From the reviews:
„Constructive mathematics is often mistakenly thought to be a branch of formal logic, or to involve recursive function theory. The recent Bridges-Vîta textbook is an exemplar of perseverance in efforts to correct this situation. For students at the graduate level it is an excellent introduction to constructive mathematics: for the more experienced reader it is a portal to some of the latest research using constructive methods.“ (Mark Mandelkern, Zentralblatt MATH, Vol. 1107 (9), 2007)

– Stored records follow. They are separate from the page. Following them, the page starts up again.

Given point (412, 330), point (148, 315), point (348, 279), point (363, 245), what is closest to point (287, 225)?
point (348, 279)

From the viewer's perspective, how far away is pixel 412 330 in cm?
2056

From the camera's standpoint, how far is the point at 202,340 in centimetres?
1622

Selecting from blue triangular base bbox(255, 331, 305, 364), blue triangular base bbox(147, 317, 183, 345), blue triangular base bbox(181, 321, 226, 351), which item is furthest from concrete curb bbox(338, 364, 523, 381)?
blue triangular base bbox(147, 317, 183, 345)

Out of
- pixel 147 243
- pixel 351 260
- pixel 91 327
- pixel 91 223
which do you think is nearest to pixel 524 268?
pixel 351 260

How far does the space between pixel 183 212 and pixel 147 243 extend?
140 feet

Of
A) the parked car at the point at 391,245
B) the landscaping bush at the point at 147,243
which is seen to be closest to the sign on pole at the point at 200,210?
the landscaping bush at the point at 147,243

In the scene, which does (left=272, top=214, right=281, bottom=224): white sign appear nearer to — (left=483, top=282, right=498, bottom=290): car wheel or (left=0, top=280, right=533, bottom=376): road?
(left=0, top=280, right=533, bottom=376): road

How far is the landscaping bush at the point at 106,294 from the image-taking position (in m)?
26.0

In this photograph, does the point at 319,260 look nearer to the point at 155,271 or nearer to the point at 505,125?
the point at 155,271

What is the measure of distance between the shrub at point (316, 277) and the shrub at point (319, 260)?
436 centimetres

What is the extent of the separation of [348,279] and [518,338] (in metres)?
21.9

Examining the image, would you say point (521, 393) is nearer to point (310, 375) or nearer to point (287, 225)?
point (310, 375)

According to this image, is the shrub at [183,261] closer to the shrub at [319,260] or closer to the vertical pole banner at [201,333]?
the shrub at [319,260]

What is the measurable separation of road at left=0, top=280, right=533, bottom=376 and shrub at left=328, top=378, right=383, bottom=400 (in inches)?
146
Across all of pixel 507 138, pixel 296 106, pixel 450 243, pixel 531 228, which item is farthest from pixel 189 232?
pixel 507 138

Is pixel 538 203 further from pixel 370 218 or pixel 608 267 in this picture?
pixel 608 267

„Bridges and Vita (both, Univ. of Canterbury, New Zealand) offer a book, written jointly by an associate (Bridges) of the famous Errett Bishop … . Thorough index; plentiful exercises and references. Eminently suitable. Summing Up: Recommended. Upper-division undergraduates through faculty.“ (F. E. J. Linton, CHOICE, Vol. 44 (11), August, 2007)
„The authors have written a valuable introduction to constructive analysis, devoting the larger part of their space and efforts to subjects from constructive functional analysis, a field to which they have made important contributions themselves. … Without a doubt, this well-written book shows constructive analysis to be a serious and important subject. The authors, who have thought on their subject long and deeply, deserve our thanks.“ (Wim Veldman, Mathematical Reviews, Issue 2008 a)
This book is an introduction to constructive mathematics with an emphasis on techniques and results that have been obtained in the last twenty years. It is the only book to deal with developments in Bishop-style constructive analysis over the past 20 years. The text covers fundamental theory of the real line and metric spaces, focusing on locatedness in normed spaces and with associated results about operators and their adjoints on a Hilbert space. There are two appendices to the book. The first gathers together some basic notions about sets and orders; the second gives the axioms for intuitionistic logic. The intended readership of the book consists of senior undergraduate and graduate students, as well as professional research mathematicians. No background in intuitionistic logic or constructive analysis is needed in order to read the book, but some familiarity with the classical theories of metric, normed and Hilbert spaces is necessary.